## Scatter Plot: Reasoning Tokens vs Problem Size for qwen/qwq-32b-preview
### Overview
The image shows a scatter plot comparing reasoning token usage against problem size for two categories of outcomes: successful and failed runs of the qwen/qwq-32b-preview model. The plot uses distinct markers (blue circles for successful, orange squares for failed) to differentiate outcomes across problem sizes from 0 to 400.
### Components/Axes
- **X-axis (Problem Size)**:
- Range: 0 to 400
- Increment: 100
- Label: "Problem Size"
- **Y-axis (Reasoning Tokens)**:
- Range: 0 to 20,000
- Increment: 5,000
- Label: "Reasoning Tokens"
- **Legend**:
- Position: Top-right corner
- Entries:
- Blue circles: "qwen/qwq-32b-preview (Successful)"
- Orange squares: "qwen/qwq-32b-preview (Failed)"
### Detailed Analysis
- **Successful Runs (Blue Circles)**:
- Concentrated in the lower-left quadrant (Problem Size: 0–100, Reasoning Tokens: 3,000–7,000).
- No data points observed beyond Problem Size 100.
- Clustered tightly, suggesting consistent token usage for smaller problems.
- **Failed Runs (Orange Squares)**:
- Distributed across the entire Problem Size range (0–400).

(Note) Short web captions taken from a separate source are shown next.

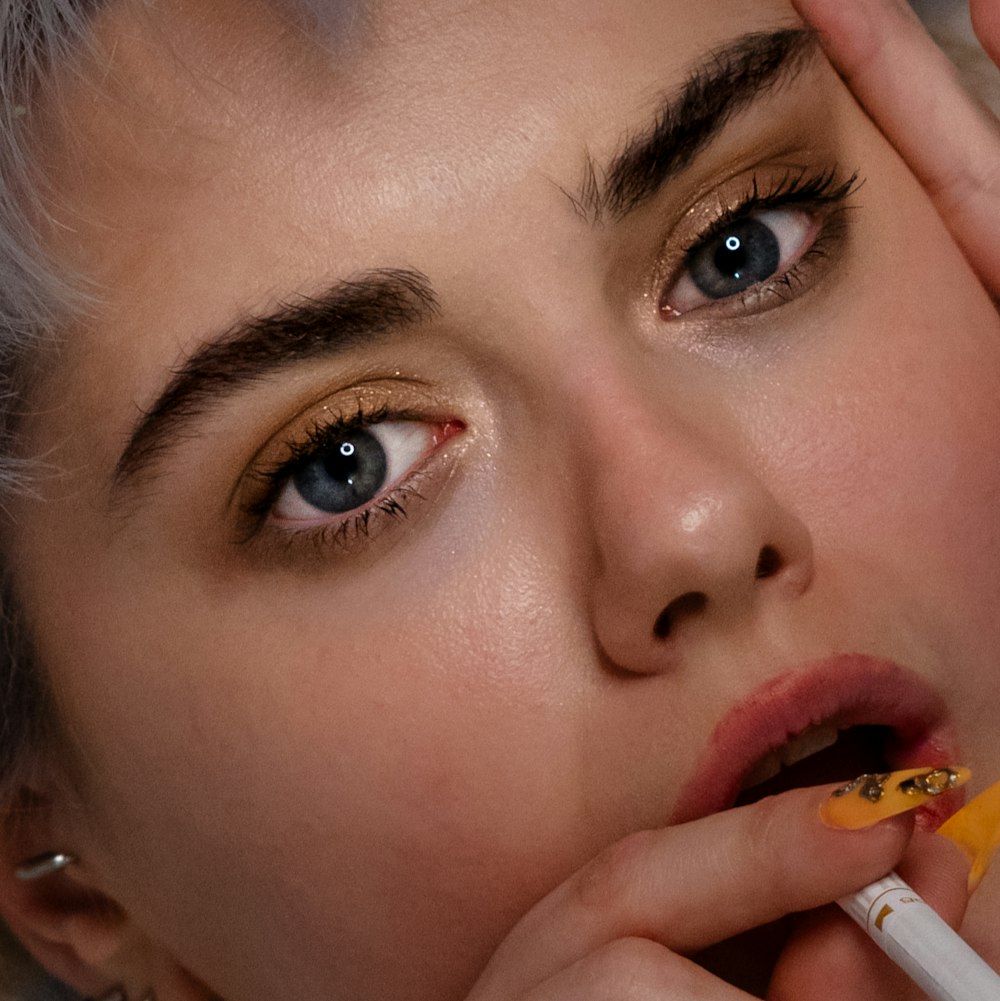 a close up of a person holding a cigarette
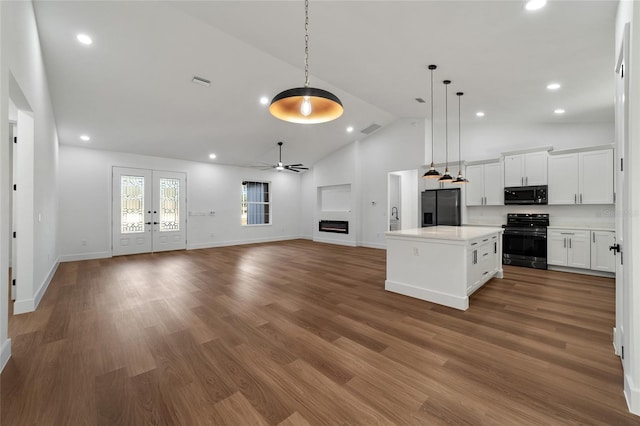 kitchen featuring a center island, hanging light fixtures, stainless steel appliances, white cabinets, and hardwood / wood-style flooring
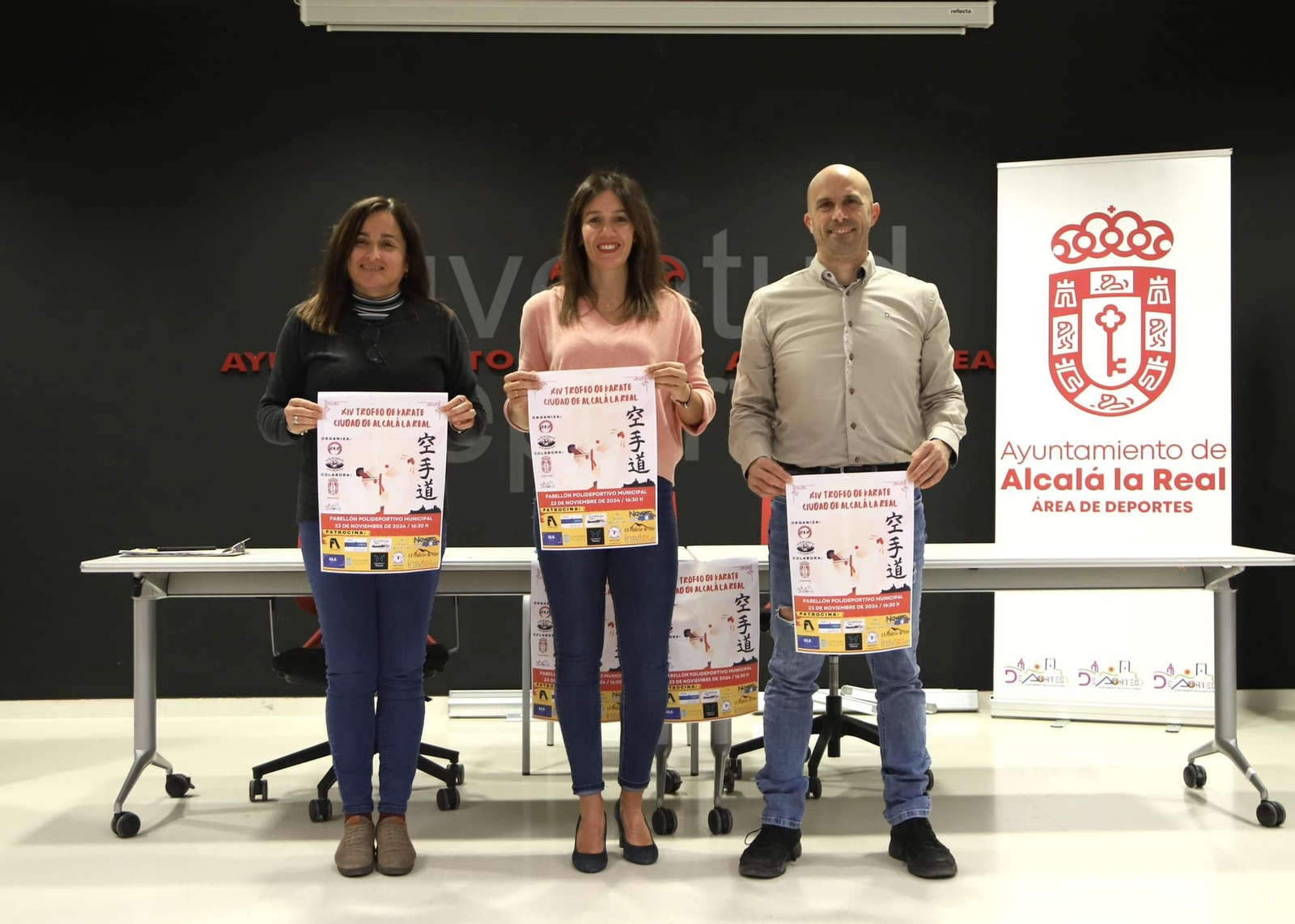Eva Hinojosa, Belén Ramírez y Álvaro Rosales posan con el cartel del evento.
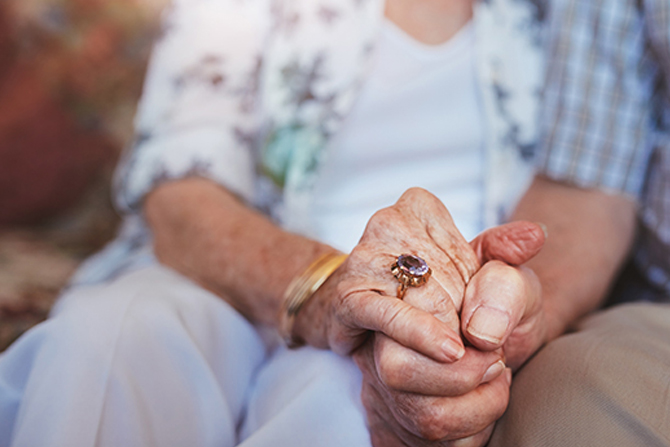 elderly couple holding hands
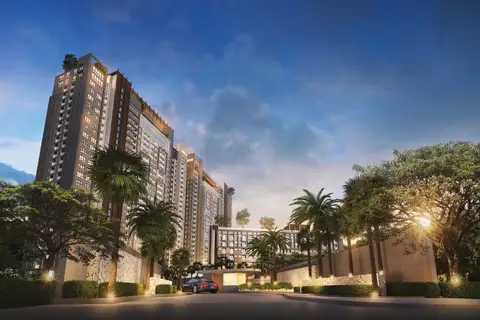 Seven Seas Le Carnival grand entrance to the condo complex, with palm trees, illuminated landscaping, and a car arriving.
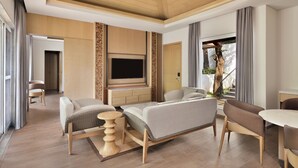 A spacious living area with a large flat-screen TV, comfortable seating, and a wooden ceiling. - Coorg Marriott Resort & Spa (Madikeri)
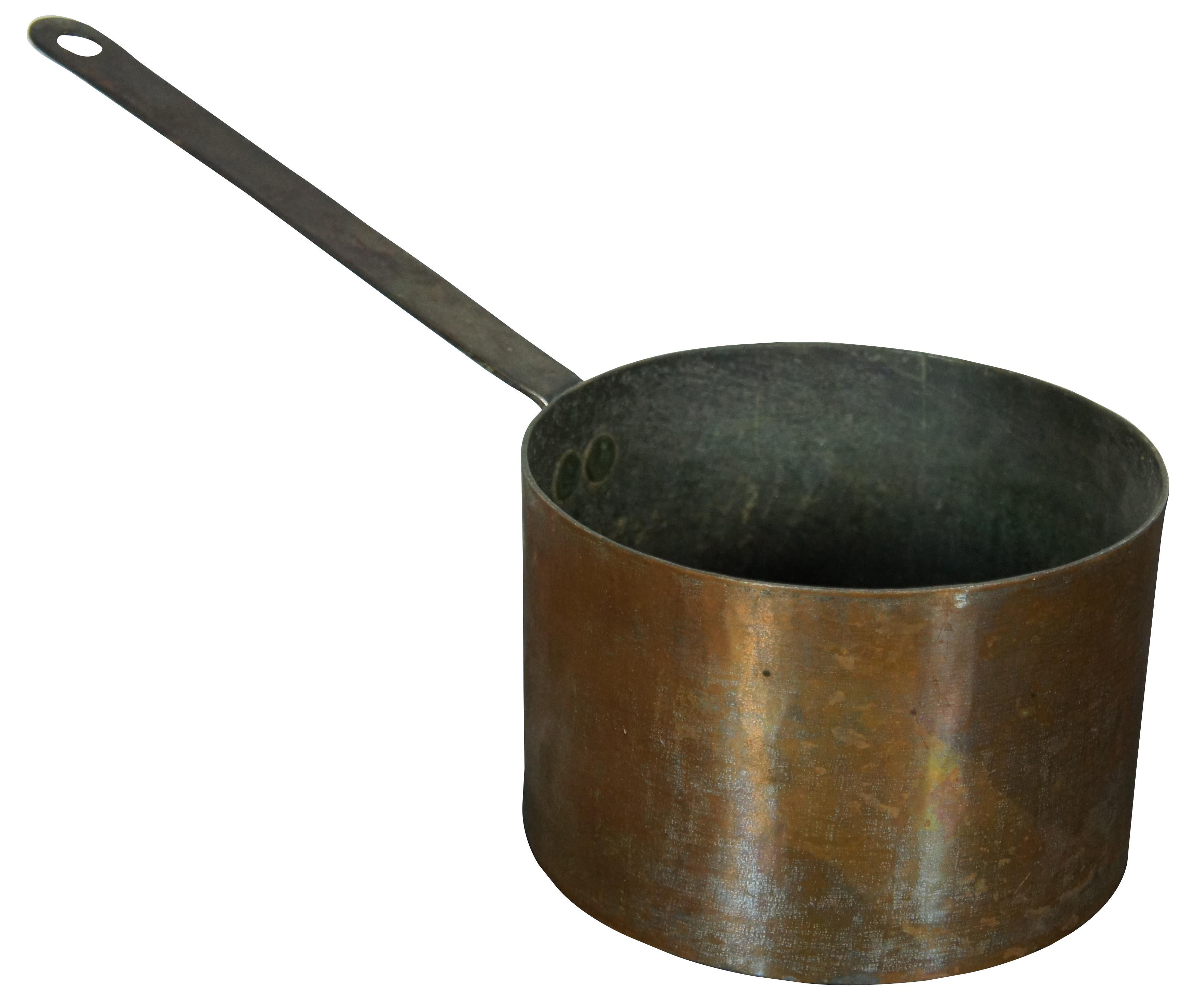 Antique copper sauce pan with iron handle; possibly marked with an M at the base of the handle.

Measures: 15.5” x 7.25” x 4.75” / Height of Handle – 8” (Width x Depth x Height).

- Token usage spans 3,000–20,000, with a notable outlier at (400, 20,000).
- Higher density of points in the 100–300 Problem Size range (Tokens: 8,000–15,000).
### Key Observations
1. **Problem Size Correlation**:
- Successful runs cluster at smaller problem sizes (≤100), while failed runs span all sizes.
- Token usage increases with problem size for failed cases, peaking at 20,000 tokens for Problem Size 400.
2. **Outlier**:
- A single failed run at (400, 20,000) represents the maximum token usage observed.
3. **Efficiency Gap**:
- Successful runs use ≤7,000 tokens, while failed runs often exceed this threshold, especially at larger problem sizes.
### Interpretation
The data suggests that problem size significantly impacts both success rates and token efficiency. Successful runs are confined to smaller problem sizes and exhibit lower token consumption, indicating the model's capacity limits. Failed runs show a clear trend of increasing token usage with problem size, culminating in the outlier at Problem Size 400. This outlier may represent an edge case where the model expended maximum resources but still failed, highlighting potential scalability challenges. The stark contrast between successful and failed runs implies that token efficiency is a critical factor in determining task success, with larger problem sizes correlating with higher computational demands and lower success rates.